Look through the lines below and extract each one that contains "with".
:: Provided data
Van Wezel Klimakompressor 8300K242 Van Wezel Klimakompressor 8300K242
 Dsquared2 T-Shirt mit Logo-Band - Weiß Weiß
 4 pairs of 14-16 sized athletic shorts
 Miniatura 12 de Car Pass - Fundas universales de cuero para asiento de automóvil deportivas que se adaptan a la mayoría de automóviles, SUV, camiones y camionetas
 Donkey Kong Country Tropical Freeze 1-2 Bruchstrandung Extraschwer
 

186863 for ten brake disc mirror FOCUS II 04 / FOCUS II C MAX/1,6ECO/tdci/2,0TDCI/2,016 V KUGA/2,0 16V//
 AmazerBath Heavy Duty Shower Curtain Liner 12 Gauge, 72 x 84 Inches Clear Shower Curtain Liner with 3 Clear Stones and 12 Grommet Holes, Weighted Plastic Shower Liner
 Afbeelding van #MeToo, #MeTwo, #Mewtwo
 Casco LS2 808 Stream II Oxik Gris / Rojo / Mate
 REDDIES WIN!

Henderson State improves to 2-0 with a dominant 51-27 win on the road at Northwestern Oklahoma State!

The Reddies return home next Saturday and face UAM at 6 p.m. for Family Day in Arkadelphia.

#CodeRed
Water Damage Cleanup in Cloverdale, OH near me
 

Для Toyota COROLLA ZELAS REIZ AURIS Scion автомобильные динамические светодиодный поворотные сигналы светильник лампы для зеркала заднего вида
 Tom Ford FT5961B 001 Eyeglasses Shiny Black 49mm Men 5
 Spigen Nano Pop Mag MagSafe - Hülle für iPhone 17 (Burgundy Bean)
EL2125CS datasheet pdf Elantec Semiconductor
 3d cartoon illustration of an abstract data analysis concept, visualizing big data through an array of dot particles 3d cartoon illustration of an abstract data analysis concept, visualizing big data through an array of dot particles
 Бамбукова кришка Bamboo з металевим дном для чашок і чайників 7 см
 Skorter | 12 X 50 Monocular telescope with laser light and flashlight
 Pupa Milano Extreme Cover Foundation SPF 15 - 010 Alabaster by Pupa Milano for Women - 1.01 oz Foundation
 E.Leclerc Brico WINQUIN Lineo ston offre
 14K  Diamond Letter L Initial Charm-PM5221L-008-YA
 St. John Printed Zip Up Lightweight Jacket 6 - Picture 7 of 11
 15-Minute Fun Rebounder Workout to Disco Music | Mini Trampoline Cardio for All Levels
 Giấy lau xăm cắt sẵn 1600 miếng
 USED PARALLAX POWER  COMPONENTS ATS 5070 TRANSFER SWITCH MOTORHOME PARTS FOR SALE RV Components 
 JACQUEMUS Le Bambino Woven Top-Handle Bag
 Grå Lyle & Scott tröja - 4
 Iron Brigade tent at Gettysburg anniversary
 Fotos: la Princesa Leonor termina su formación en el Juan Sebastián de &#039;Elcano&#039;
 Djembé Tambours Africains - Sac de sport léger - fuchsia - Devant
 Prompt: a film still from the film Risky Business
::::
▶ [Response]:
 AmazerBath Heavy Duty Shower Curtain Liner 12 Gauge, 72 x 84 Inches Clear Shower Curtain Liner with 3 Clear Stones and 12 Grommet Holes, Weighted Plastic Shower Liner
Henderson State improves to 2-0 with a dominant 51-27 win on the road at Northwestern Oklahoma State!
 Skorter | 12 X 50 Monocular telescope with laser light and flashlight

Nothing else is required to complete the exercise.